Both tools collect information about 15 key areas of life including social, economic, and environmental dimensions, as well as assets, to reflect experiences of financial and multidimensional poverty. Grounded in lived experience, these 15 dimensions were identified through a participatory process with more than 3000 people with experiences of poverty.
The purpose of these Equality Insights surveys is to collect information about different aspects of a person’s life including their health, clothing, access to water, sanitation, their ability to raise concerns with local authorities, the demands on their time and other details that help to understand people’s circumstances.
The surveys produce inclusive data that drives evidenced-base decision-making and inspires transformative change. Our data is used by governments, national statistics offices, women’s rights organisations and gender data advocates to develop effective solutions that reduce poverty and inequality.
These tools have been informed by more than a decade of research and innovation.
Features of the tools:
- Multidimensional: measures 15 dimensions of life as identified by people with lived experience of poverty.

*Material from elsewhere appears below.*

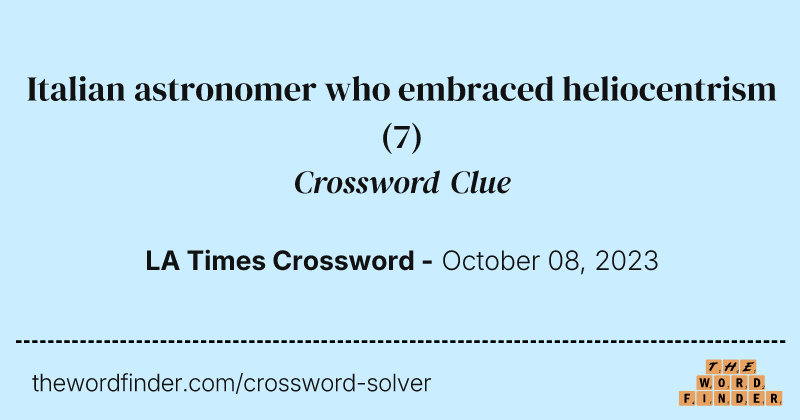 Italian astronomer who embraced heliocentrism crossword clue image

- Individual-level: collects information from individuals, rather than ‘heads of households’, to paint a more accurate picture.
- Gender-sensitive: assesses areas of life that are shaped by gender with questions that help to show how this influences experiences of poverty and inequality.
- Scalar: uses a scale to understand the severity or depth of poverty that is being experienced.
Equality Insights Plus
Equality Insights Plus is a long form survey that takes one hour to complete. It is a face-to-face survey, and interviews are conducted with all adults within a sampled household.
Equality Insights Rapid
Equality Insights Rapid is designed to collect data quickly and remotely, making it a useful tool in times of disaster or disruption. The survey is conducted by phone using Computer Assisted Telephone Interviewing (CATI). It is a shorter variant of Equality Insights Plus, while maintaining the focus on 15 key areas of life plus assets, as well as ability to conduct intersectional analysis.
Reflections on the nature of poverty from data collectors in the Solomon Islands
Data collectors in each country receive in-depth training to administer the survey to individuals in their broader communities. The survey asks a set of questions about each of the 15 dimensions and about assets. Information on the ethnicity, religion, age, gender and each individual’s self-assessed quality of life is also collected, in order to understand how these factors influence deprivation and inequality and interact to deepen disadvantage. Data is de-identified and stored in ways that support detailed analysis while ensuring privacy and security. Collaborating organisations and wider stakeholders help determine analysis priorities and make sense of results in the local context, focusing insights and connecting them to opportunities for change.